Solomon and Ardenia were married on the 3rd of December in 1914. While the first record above states Solomon was 21 and Ardenia was 18 when they married, other records that state that both Solomon and Ardenia were born in the summer of 1897, making them each actually just 17. The ceremony took place in Madison Park, in Montgomery, AL and was conducted by a Reverend P.J Minefield. According to the marriage license application (in the first document above), Ardenia was Baptist, while Solomon has no religion listed, so it’s likely Rev. Minefield was a Baptist minister. However, I haven’t yet been able to find anything on him.
Something did come up when I looked up Madison Park in Montgomery County, Alabama: the History page for the Madison Park Community Reunion. If this is in fact the Madison Park where they were married, then they celebrated their union in a town that had been founded about 30 years earlier by former slaves in order to “have a future for themselves and their families.” According to the website,
“They worked their own land; built houses, established a school and houses of worship…. [T]he community established farms and produces row crops and table vegetables. They built grist mills, saw mills, two syrup mills, a cotton gin, grocery stores, a park and a gravel pit. The community for all practical purposes was a self-sufficient community.”
You can read more here.
This was a place designed so that African Americans, so recently out of slavery and facing hostility and abuse from a region not willing to give up the racism or economics of slavery, could feel safe and make their own way in the world. I don’t know if Solomon and Ardenia actually lived in this community or had some other tie that led them to be married there, or if this is even the same Madison Park (though I couldn’t find any others) but if they did live there, how cool! (And yes, I sent the group an email to see if I can find anything more!)

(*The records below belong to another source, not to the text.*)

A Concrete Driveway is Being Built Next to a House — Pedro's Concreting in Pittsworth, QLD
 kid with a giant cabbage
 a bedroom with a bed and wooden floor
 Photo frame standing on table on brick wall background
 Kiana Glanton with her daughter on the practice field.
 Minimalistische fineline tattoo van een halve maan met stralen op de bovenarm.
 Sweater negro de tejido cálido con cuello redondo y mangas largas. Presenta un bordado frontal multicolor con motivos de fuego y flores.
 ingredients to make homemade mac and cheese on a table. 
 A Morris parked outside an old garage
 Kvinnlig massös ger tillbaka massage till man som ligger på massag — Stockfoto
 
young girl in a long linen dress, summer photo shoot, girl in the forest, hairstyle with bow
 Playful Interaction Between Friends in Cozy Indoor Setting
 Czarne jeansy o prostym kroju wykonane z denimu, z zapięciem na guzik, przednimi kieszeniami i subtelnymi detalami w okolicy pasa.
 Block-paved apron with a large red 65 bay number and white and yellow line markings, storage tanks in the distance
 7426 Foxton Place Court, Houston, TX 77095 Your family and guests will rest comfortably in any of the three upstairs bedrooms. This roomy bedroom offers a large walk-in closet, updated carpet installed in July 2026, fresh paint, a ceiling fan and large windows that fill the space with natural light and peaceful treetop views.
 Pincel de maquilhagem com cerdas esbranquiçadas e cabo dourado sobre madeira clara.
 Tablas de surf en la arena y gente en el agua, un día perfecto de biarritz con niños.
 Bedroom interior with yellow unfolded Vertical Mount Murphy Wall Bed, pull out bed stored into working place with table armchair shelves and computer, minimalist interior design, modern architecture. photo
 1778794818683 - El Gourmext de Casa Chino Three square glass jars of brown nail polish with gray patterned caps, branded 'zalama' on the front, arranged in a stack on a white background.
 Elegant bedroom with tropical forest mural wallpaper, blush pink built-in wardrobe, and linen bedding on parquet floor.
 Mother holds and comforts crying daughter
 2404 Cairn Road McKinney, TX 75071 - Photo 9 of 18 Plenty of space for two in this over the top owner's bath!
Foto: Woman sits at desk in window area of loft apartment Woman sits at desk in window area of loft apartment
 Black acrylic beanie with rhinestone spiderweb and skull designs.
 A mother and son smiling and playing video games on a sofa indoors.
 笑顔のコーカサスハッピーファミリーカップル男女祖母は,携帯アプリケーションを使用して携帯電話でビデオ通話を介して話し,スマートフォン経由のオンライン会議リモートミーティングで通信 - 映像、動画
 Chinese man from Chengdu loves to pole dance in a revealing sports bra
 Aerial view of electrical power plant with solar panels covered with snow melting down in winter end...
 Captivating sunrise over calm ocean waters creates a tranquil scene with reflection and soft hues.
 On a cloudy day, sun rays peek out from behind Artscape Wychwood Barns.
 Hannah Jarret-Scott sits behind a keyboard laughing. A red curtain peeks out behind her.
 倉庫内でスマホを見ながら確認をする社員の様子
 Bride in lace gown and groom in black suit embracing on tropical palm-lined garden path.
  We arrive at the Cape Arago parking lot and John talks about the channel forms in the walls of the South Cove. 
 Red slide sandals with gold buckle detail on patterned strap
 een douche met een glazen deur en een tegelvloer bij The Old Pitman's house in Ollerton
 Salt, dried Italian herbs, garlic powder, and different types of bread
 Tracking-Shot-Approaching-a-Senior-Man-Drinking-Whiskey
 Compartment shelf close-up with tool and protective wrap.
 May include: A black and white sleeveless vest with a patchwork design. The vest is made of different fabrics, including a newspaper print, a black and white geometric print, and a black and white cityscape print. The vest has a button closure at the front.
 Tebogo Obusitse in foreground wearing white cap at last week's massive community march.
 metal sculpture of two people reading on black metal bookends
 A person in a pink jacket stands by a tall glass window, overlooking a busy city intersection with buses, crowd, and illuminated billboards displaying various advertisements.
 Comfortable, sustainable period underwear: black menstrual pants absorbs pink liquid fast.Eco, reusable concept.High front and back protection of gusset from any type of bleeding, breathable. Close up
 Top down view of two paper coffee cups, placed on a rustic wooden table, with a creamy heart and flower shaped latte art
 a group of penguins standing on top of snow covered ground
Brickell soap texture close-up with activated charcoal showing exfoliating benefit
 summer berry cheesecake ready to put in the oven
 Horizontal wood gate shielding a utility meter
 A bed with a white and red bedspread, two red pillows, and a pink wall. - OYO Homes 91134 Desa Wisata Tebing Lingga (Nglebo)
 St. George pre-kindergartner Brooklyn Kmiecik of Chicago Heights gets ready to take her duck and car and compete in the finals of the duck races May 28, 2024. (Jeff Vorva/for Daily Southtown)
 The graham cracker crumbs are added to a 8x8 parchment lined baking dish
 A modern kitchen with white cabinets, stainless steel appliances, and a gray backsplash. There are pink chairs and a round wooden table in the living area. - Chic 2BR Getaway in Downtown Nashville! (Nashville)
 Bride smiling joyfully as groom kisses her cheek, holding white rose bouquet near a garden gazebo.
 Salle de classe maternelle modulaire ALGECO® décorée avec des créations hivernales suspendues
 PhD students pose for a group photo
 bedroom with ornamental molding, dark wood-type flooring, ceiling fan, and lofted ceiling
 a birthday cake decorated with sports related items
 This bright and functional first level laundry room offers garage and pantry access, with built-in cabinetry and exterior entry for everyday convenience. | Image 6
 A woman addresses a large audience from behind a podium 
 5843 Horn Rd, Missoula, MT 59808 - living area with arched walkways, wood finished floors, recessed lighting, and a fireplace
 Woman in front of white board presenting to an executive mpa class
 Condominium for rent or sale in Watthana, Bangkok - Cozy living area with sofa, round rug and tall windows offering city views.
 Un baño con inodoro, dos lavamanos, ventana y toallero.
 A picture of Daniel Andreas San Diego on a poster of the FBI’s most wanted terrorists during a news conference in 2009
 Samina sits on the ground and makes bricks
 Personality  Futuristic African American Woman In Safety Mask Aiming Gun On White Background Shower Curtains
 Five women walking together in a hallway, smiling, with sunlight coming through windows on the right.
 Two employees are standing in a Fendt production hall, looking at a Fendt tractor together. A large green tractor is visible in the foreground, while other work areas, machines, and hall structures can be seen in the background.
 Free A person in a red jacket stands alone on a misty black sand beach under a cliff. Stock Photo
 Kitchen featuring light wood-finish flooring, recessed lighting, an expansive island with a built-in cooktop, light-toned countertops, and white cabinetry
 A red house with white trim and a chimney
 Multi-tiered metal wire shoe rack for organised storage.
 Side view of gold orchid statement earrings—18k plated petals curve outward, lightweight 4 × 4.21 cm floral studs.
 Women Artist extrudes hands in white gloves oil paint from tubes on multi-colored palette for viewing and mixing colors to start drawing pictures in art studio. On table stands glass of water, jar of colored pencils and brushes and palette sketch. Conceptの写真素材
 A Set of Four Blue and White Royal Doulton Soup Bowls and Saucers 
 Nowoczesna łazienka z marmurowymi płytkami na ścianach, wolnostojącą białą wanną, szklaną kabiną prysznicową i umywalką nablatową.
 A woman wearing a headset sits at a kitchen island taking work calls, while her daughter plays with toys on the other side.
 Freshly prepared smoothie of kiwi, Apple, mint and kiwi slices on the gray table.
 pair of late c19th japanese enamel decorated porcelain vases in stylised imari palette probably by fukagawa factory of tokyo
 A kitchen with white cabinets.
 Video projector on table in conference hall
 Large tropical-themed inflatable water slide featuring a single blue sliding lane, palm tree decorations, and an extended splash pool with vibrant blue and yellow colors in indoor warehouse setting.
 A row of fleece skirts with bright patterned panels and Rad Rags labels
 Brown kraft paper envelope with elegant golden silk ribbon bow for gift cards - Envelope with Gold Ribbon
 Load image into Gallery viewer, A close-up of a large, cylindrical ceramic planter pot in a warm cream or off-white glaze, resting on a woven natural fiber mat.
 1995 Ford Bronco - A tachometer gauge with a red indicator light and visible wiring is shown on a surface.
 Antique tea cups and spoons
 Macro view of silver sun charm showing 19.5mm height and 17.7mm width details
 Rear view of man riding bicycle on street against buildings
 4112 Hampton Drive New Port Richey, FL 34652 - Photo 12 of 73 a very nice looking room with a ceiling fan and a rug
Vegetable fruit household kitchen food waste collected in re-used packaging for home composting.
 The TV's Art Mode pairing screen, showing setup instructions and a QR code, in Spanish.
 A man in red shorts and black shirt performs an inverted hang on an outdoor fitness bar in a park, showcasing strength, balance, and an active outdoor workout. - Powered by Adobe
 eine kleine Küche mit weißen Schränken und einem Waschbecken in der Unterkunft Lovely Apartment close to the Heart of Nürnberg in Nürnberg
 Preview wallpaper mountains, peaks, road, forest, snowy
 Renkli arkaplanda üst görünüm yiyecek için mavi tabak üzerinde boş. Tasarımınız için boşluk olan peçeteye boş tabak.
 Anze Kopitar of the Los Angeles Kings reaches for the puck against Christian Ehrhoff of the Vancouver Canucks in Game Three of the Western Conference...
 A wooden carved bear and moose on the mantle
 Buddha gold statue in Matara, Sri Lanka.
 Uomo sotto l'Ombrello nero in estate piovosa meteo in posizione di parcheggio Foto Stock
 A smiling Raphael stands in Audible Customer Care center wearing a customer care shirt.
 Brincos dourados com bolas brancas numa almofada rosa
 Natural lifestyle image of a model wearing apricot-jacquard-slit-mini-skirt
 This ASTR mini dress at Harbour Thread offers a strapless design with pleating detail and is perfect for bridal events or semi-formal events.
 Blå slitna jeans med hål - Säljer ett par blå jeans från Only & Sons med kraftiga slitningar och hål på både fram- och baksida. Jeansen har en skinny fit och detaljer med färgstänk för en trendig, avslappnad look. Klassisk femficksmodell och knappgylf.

Solomon and Ardenia brought two daughters into the world together, Beatrice in 1915 and Lillian in 1917. In fact, another of my cool finds from the trip to Alabama were Beatrice and Lillian’s listings in the Montgomery County Register of Births. (This was a real case of serendipity, because there are only 2 registers and 10 years worth of birth records available at the Probate Office, 1908-1912 and 1913-1917. I found 4 people!)
And here’s Lillian:
Among other things, these records tell us that this was the first marriage for both Ardenia and Solomon, that they are living in Beat 18 of Montgomery County in 1915, and that both are working as farm laborers in 1915 and 1917. But by 1918, Solomon is working for the Winter Loeb Grocery Company, and it looks like they are living in the city of Montgomery itself, instead of on the farmland surrounding it. This may have been due to a devastating infestation of boll weevils that hit Alabama's cotton crops starting in 1892 and covering the entire state by 1916. Crops were destroyed year after year, farmers were forced to sell land, and sharecroppers and tenant farmers were pushed off or left the land in search of better opportunities. But through that challenge, or whatever caused them to move, Solomon and Ardenia were still together.
|Solomon Harris' World War I Draft Registration Card, 1918|
Unfortunately, this is the last record that I have been able to find for Solomon. We know from Ardenia’s obituary that Solomon passes away before her, and we know that by 1930 Ardenia and her teenage daughters are living together in Jefferson County, where Ardenia makes her living operating a boarding house. Finally, we know that she remarries in 1935 and moves north to Kewanee, Illinois in the 1940s. I can’t find anyone in this family in the 1920 census, so that gap between 1918 and 1930 unfortunately can’t be filled right now.
But at least we're able to capture a few snapshots of their life together - their union, hard work, children, change. Perhaps with time, luck, and more research, we'll be able to flesh this out further.
Do you know something I don't about Solomon and Ardenia? Please share!